2D matrix addition question

Hello everyone,

I want to make a simple addition between 2 two 2D matrices Agpu and Bgpu, each one having 5 columns and 4 rows, and store it to another matrix called Cgpu. I also want to exploit the GPU’s parallel execution benefit, so I use 1 block with dimensions dim3 dimBlock (5,4). These are the 5 steps that I perform:

//1. GPU memory allocation for matrices Agpu, Bgpu and Cgpu
CUDA_SAFE_CALL(cudaMallocPitch((void**)&Agpu,&Apitch,5sizeof(float),4));
CUDA_SAFE_CALL(cudaMallocPitch((void**)&Bgpu,&Bpitch,5
sizeof(float),4));
CUDA_SAFE_CALL(cudaMallocPitch((void**)&Cgpu,&Cpitch,5*sizeof(float),4));

//2. Transfer data from host matrices A, B, C to device matrices Agpu, Bgpu, Cgpu
cudaMemcpy2D(Agpu,Apitch,A,5sizeof(float),5sizeof(float),4
,cudaMemcpyHostToDevice);
cudaMemcpy2D(Bgpu,Apitch,B,5sizeof(float),5sizeof(float),4
,cudaMemcpyHostToDevice);

//3. Divide block to 5 columns and 4 rows
dim3 dimBlock (5,4);

//4. call the kernel
mat_add<<<1,dimBlock>>>(Agpu,Bgpu,Cgpu);

//5. copy back the result from device Cgpu matrix to host C matrix
cudaMemcpy2D(C,5sizeof(float),Cgpu,Cpitch,5sizeof(float),4
,cudaMemcpyDeviceToHost

//kernel
global void mat_add(float *A,float *B,float *C)
{
int i=threadIdx.x;
int j=threadIdx.y;
C[i+j*5]=A[i+j*5]+B[i+j*5];
}

However only half of the C matrix elements are correct!! :wacko:
Also, another thing that I noticed is that if print the allocated pitch from cudaMallocPitch is 64. Since pitch is the width allocated (in bytes), and I allocate 5sizeof(float), shouldn’t it be 54bytes=20?

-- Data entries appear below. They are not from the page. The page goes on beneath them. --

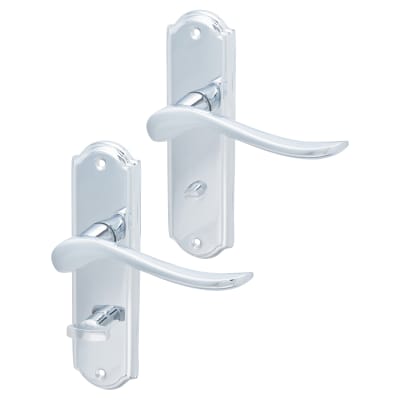 Polished Chrome Scroll Bathroom Door Handles - Turin Range - 170 x 46mm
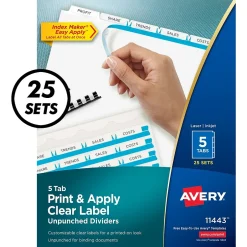 Avery Index Maker Unpunched Paper Dividers with Print & Apply Label Sheets, 5 Tabs, White, 25 Sets/Pack (11443) Clearance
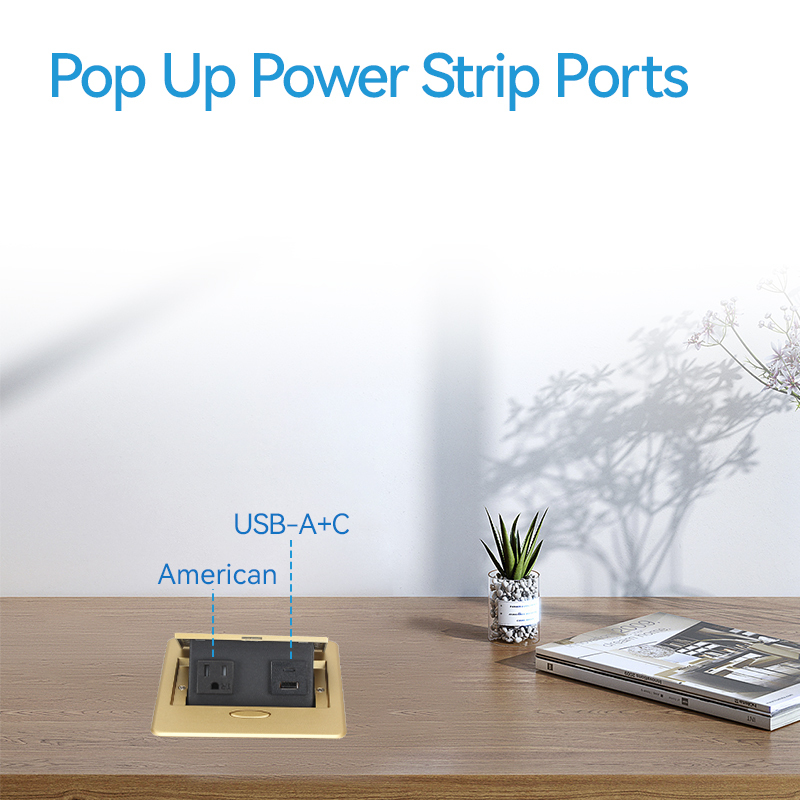 US Golden Desktop Pop Up Power Socket With 1 US TR Outlet +1 USB-A/C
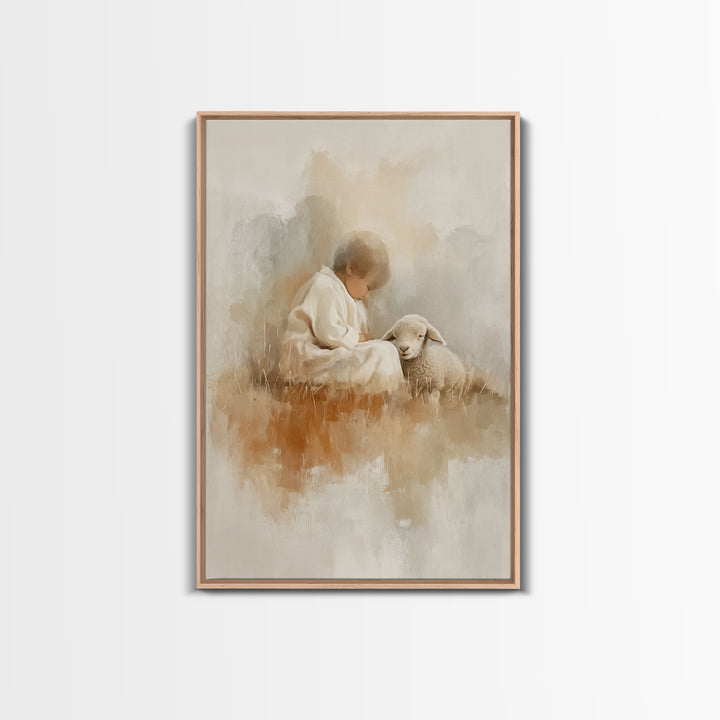 Gentle Shepherd Joy – Framed Canvas Print – Christian Art Print – Modern Christian Art – Christian Christmas Art – Jesus Painting – Christm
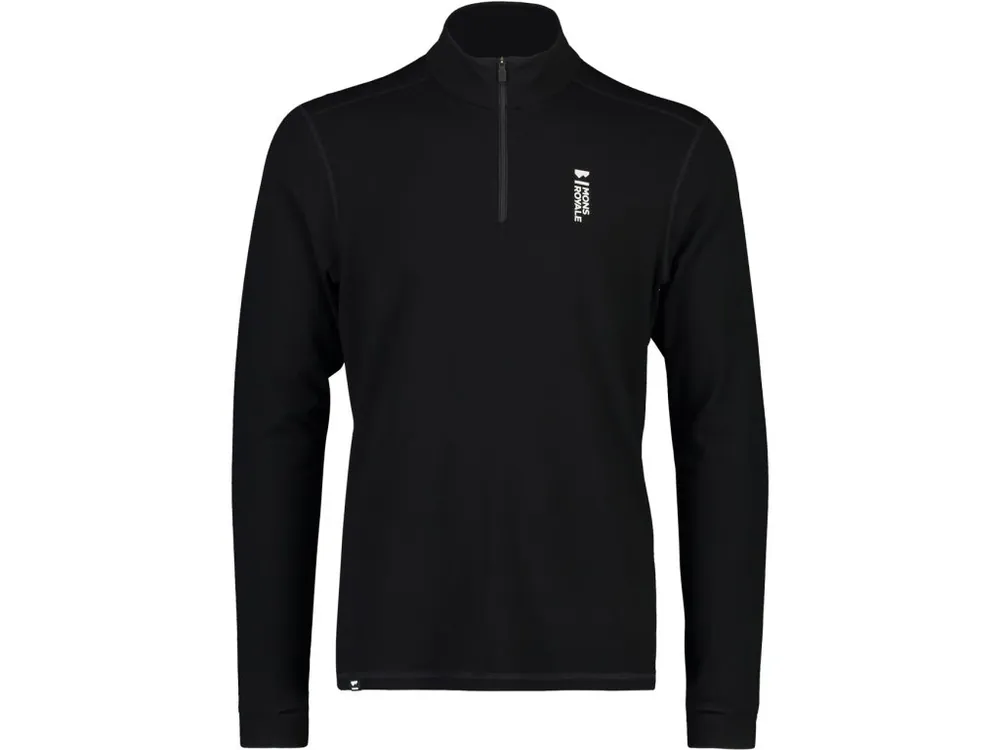 Merino triko MONS ROYALE CASCADE MERINO FLEX 200 1/4 ZIP black Nízká Cena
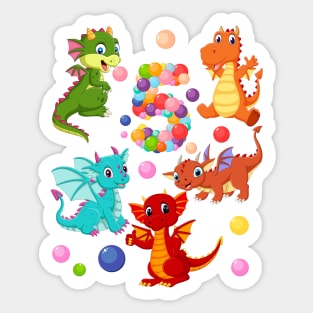 5th Birthday-Dragons and bubbles Sticker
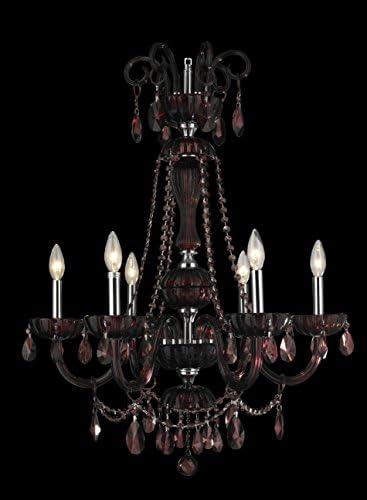 Világszerte Világítás Carnivale Gyűjtemény 6 Lámpa Króm Kivitelben Áfonyás Kristály Csillár 25 D x 34 H Nagy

Can anyone suggest some advice?

Kind regards,
dtheodor

Assuming you are acessing your matrices in a column major format shouldn’t this line:

C[i+j*5]=A[i+j*5]+B[i+j*5];

be

C[i+j*4]=A[i+j*4]+B[i+j*4];

?

Here are the macros I am using to access matrices:

define indexR(i, j, n_cols) ((j) + ((i) * (n_cols))) //row-major matrix

define indexC(i ,j, n_rows) (((j) * (n_rows)) + (i)) //column major order addressing + 1st element has id#0

Hello Panajev,

Thank you very much for your reply.

Actually I’m following a row major format, so I think this line should be ok.

This is how I print the data after they have been copied back from the GPU:

for (j=0;j<4;j++) //rows iterator

{

[indent]for (i=0;i<5;i++) //columns iterator

printf(“\nC[%d]=%f”,i+j*5,C[i+j*5]);[/indent]

}

The funny thing is that if I increase the block boundaries (e.g. dim3 dimBlock (20,16)) the results are ok! :blink:

Since I am new to CUDA programming, I was trying to make sure that I have allocated the proper memory size and performed correctly the cudaMemCpy2d. But I cannot find something wrong…

If you are following a row major format then you want (i * NUMBER_OF_COLUMNS + j ) and not (j * NUMBER_OF_COLUMNS + i), but that might not be the problem.

… wait, you are using i for the columns and j for the rows? Ok, so that is not the problem…

but… you assign i and j this way…

int i=threadIdx.x;

int j=threadIdx.y;

could you try to set them this way instead:

int j=threadIdx.x;

int i=threadIdx.y;

I set those two variables in the CUDA kernel the way you DID set them, but I use i as row_id and j as column_id while in your code i is for columns and j is for rows.

I’ll try to implement and test the code over here to play around with it and see what’s wrong (is there anything else needed besides what you posted here ?).

Hello Panajev,

I think I put you into trouble! :D Just kidding of course!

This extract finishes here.